Frecuentemente, el yo tan sólo alcanza esta sabiduría a través de la enfermedad y del sufrimiento. La enfermedad y el sufrimiento purifican al yo y repercuten de manera curativa en el cuerpo, una vez llegado al conocimiento el yo. Así, muchas veces una enfermedad primero tiene que concluir su influencia purificadora y aleccionadora sobre el yo antes de poder cesar y desaparecer.

Por otra parte, también el yo influye de manera beneficiosa sobre el cuerpo, sobre todo el yo esclarecido. Esclarecido significa aquí que sea consciente tanto de sus posibilidades como de sus límites, y que, más allá de sus deseos y de sus miedos impulsivos, se atenga a la mera verdad perceptible. Purificado significa que esté en sintonía y en harmonía con el alma, inconsciente para él en gran parte, pero, a pesar de todo, conocedora a un nivel mucho más profundo que el yo.

A este yo esclarecido le debemos la Medicina científica, el conocimiento de las patologías, la Higiene, la Cirugía y la Farmacología.

Pero también pienso en la Psicología y la Psicoterapia con sus conocimientos del trasfondo inconsciente de comportamientos enfermizos y con sus métodos para actuar sobre tales comportamientos, por ejemplo, a través del análisis, de la terapia de la conducta, de hipnoterapia, de programación neurolinguística, para sólo citar unos cuantos. De esta manera, el yo esclarecido disciplina tanto al cuerpo como al alma, desarrollando las capacidades de éstos más allá de la mera salud física.

Aún así, también la Medicina y la Psicoterapia, y con ellas también el yo que intenta oponerse al carácter efímero de la vida, topan con límites que los detienen. Ya que, al cabo de un cierto tiempo, toda persona enferma, se debilita y se muere. El alma asiente a este movimiento hacia la muerte, porque alcanza a ambos ámbitos y, así parece, perdura en ambos. Ella anhela volver y está en harmonía con este movimiento.

Freud llamaba este anhelo el impulso de muerte. No obstante, se trata de un movimiento sumamente consciente y alerta, porque en lo hondo, el alma, y con ella el cuerpo, anhela volver al origen del que nace y al que vuelve la vida.


Familia y alma

Pero el alma no sólo actúa en el cuerpo, ni está presa en él como algunos dicen. Se encuentra en interacción con su entorno, ya que, de lo contrario, no habría ni metabolismo, ni procreación. Este entorno comprende, sobre todo, la familia y la red familiar en la que recibimos y en la que transmitimos la vida, si podemos.

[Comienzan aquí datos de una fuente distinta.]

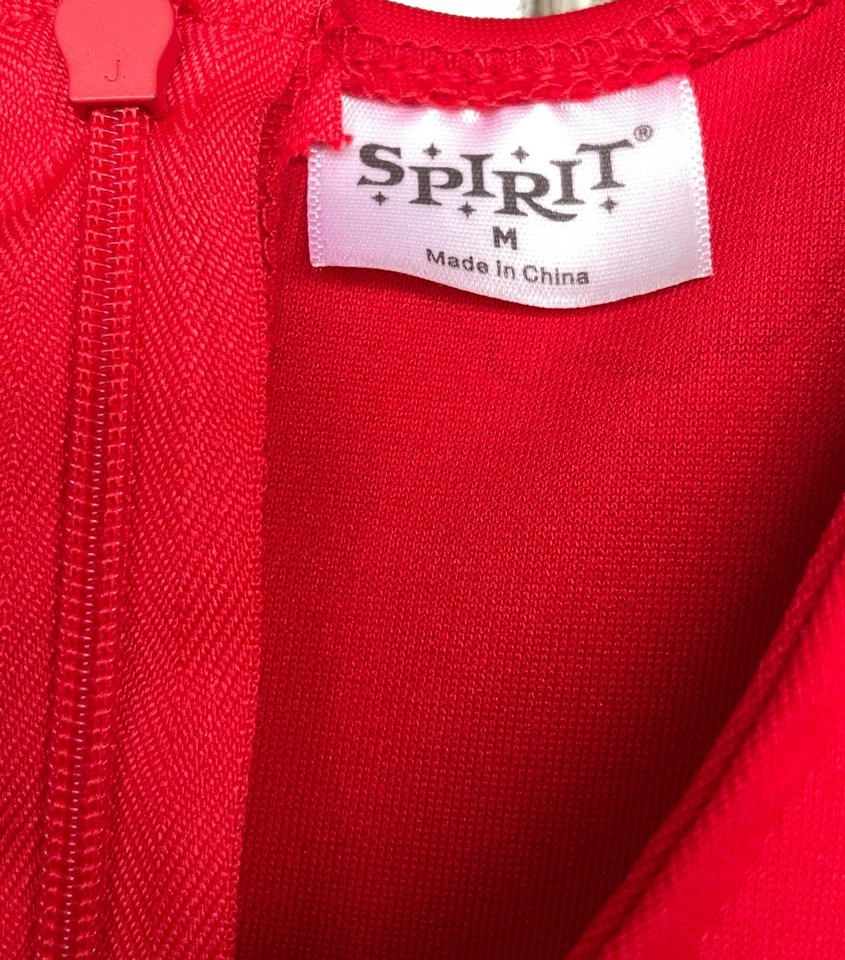 Spirit HALLOWEEN costume GIRLS medium cheerleader dress outfit red black silver - Image 4 of 4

Obviamente, la familia y la red familiar tienen un alma y una conciencia comunes que vinculan y dirigen a los miembros de la familia de acuerdo con un orden mayormente inconsciente, de manera similar que el alma también vincula y gobierna los miembros y órganos del cuerpo.

Es decir, el alma actúa en la familia y en la red familiar como si de un cuerpo extenso se tratara. Y de la misma manera que podemos, paso a paso y a través de la observación y de la experiencia, comprender e influir sobre los órdenes que determinan la interacción entre los diversos órganos del cuerpo, así también podemos, paso a paso y a través de la observación y de la experiencia, aclarar los órdenes que determinan la interacción entre los diferentes miembros de una familia.

En un primer lugar nos llama la atención que, al igual que el cuerpo, también la familia y la red familiar tienen unos límites exteriores. Es decir, el alma familiar únicamente vincula de esta manera especial a determinados miembros de la familia, dirigiéndolos a través de una conciencia común. Así, pertenecen a esta familia y a la red familiar: los hermanos, los padres y sus hermanos, los abuelos, a veces, alguno de los bisabuelos, e incluso antepasados más lejanos si tuvieron una suerte especial. Otros familiares, como por ejemplo primos, ya no cuentan entre ellos.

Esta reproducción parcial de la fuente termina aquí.